Someone can give their heart to God through their religion. Typically this will result in a profound and permanent change in their thought process and their activities.

Again, there are three possible results. One, God does not reveal themselves to the experimenter. Two, God does reveal themselves to the experimenter. Three, God does not reveal themselves to the experimenter BUT the experimenter claims that God has.

Three possible results, no change, permanent change, temporary change.

Can we judge a change? Maybe. If the experimenter claims a specific change and then claims a reversion to a previous behavior it is fairly easy to observe a temporary change.

Can we make a judgment just by watching someone? Christ tells us not to judge and I believe this is because we cannot effectively judge the change that occurs in a person's heart.

God could also tell us. Christ tells us that God communicates to us through the Holy Spirit so claiming the Holy Spirit has given a specific instruction or bit of knowledge when that has not occurred may be the one unforgivable sin. I would be very careful running around saying that the Holy Spirit told me anything, unless I didn't really believe in Christ OR the Holy Spirit did actually show me or tell me something.

Pure reason without resorting to assumptions tells us we can neither prove nor disprove the existence of God to a group. Agnosticism.

By making some assumptions on what we believe God should or should not do we can use reason to prove God does not exist.
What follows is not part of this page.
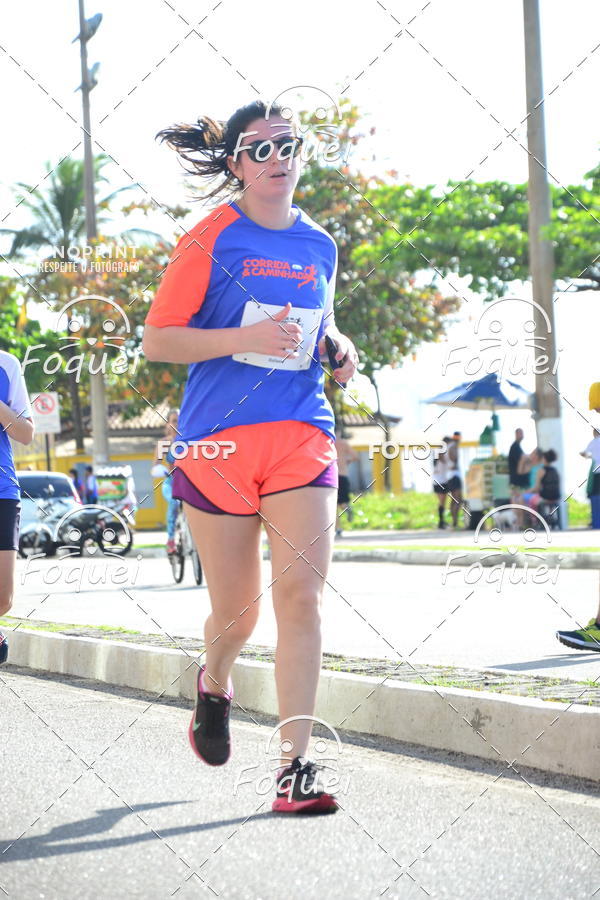 Buy your photos of the eventCorrida e Caminhada Autoglass on Fotop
We can also claim the assumption that everyone who believes in God and has experienced some form of religious transcendence is deluded. Atheism becomes a leap of faith in our assumptions.

Using a simple experiment a person can prove to themselves and only to themselves that God does exist.

Three possible choices. One requires no faith in either ourselves or our assumptions. One requires a leap of faith in our assumptions. One requires a basic confidence in our own observations.

I can trust no one (agnosticism). I can trust the assumptions of others and place no confidence in my own observations (atheism). I can reject assumptions and accept that my observations are valid (religious).

Every experimenter must accept that their observations are valid. Galileo could not record his experiments. Galileo could only observe and write down his observations. Those who reproduced Galileo's results proved to themselves that Galileo's observations were accurate. Of course many closed minded people rejected Galileo as delusional.

Until we find a way to record the experiment of a person giving their heart to God we can only depend on the reproducible nature of the experiment and the billions of experimenters who have claimed to have successfully reproduced the experiment.

Or, we could become as the inquisitors who claimed Galileo was delusional.